Method for producing zirconium-based composition of the present invention The method for producing a zirconium-based composition of the present invention was obtained by mixing a magnesium compound with a silicon compound and a zirconium compound or zirconium silicate, and the mixing step. It includes a melting step of melting the mixed powder at a melting point or higher, and a sizing step of cooling and sizing the melt obtained in the melting step.
(1) Raw Material The zirconium compound used in the zirconium-based composition of the present invention is not particularly limited, but is preferably a raw material containing zirconium oxide such as badelite, desiliconized zirconia and zirconium oxide. Further, as the zirconium oxide, oxides obtained from hydroxide, chloride, nitrate, carbonate, sulfate, acetate, bromide and the like can also be used.
The silicon compound is preferably a raw material containing silicon oxide. The silicon oxide may be an oxide obtained from hydroxide, nitride, carbide, chloride or the like, and raw materials can be appropriately selected in consideration of impurities and cost.
As zirconium silicate, zircon sand or a pulverized product of zircon sand can be used. Since zircon sand and pulverized products thereof can be obtained from the market at low cost, it is preferable to use them in the aggregate market.
These particle sizes are not particularly limited because they are melted, but those having a maximum particle size of 500 μm or less are desirable for suppressing unevenness during melting. Although not particularly limited, in the case of particles having a size of 1 μm or less, the particles are likely to be scattered due to a fusion arc impact, and should be avoided.
The magnesium compound is preferably a raw material containing magnesium oxide. Examples of magnesium oxide include oxides obtained from hydroxides, fluorides, chlorides, bromides, hydrides, borides, nitrides, and the like. Regarding the magnesium compound, the particle size when used as a raw material is not particularly limited because it melts, but is preferably 500 μm or less in order to suppress segregation due to the raw material.
The purity of the zirconium compound, silicon compound, zirconium silicate, and magnesium compound is not particularly limited, but is preferably 99% or more, and more preferably 99.5% or more.

When mixing a zirconium compound, a silicon compound, and a magnesium compound in the mixing step, the compounding ratio of the zirconium compound is, for example, 50% by weight or more, preferably 60% by weight or more, more preferably 63 to 72% by weight, particularly preferably as zirconium oxide. Is 65 to 70 wt%. The compounding ratio of the silicon compound is 25 to 40 wt%, preferably 28 to 37 wt%, more preferably 30 to 35 wt% as silicon oxide, and the compounding ratio of the magnesium compound is zirconium oxide and oxide as magnesium oxide. It is 0.1-1 wt% with respect to silicon, preferably 0.3-0.9 wt%, more preferably 0.5-0.8 wt%.
When using a material derived from zircon sand as a raw material, the composition of zirconium oxide and silicon oxide is generally determined, and the composition ratio depends on the production area, but zirconium oxide is 60 to 70 wt%, silicon oxide is Since it is about 30-40 wt%, it can be used as it is. That is, the raw material mixed powder of the zirconium compound of the present invention can be obtained by mixing zircon sand and magnesium oxide.
Since silicon oxide and magnesium oxide may partially evaporate during melting in the next melting step, the blending ratio may not be the composition ratio of the zirconium-based composition as it is.

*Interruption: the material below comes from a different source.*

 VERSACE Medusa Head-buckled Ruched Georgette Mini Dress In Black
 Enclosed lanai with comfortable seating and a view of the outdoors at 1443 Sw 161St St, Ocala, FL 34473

(2) Granulation The raw material mixed powder can be granulated as necessary. For the production of the granulated material, general granulation methods of dry type and wet type can be used. For example, in the dry type, the mechanical alloying method in which compression and shearing force are applied, or the powders are fastened with each other in an air stream. There is a hybridization method for collision. In addition, in a wet process, a spray dryer method or an electroless plating method can be used alone or in combination. When producing a granulated material, a binder can also be added as needed. The binder is not particularly limited, but an organic binder is preferable to an inorganic binder from the viewpoint of impurities.

  Although the magnitude | size of a granulated material is not specifically limited, About 3-30 mm is preferable and about 10-20 mm is more preferable. The shape of the granulated product can be an arbitrary shape such as a cylindrical shape as well as a spherical shape.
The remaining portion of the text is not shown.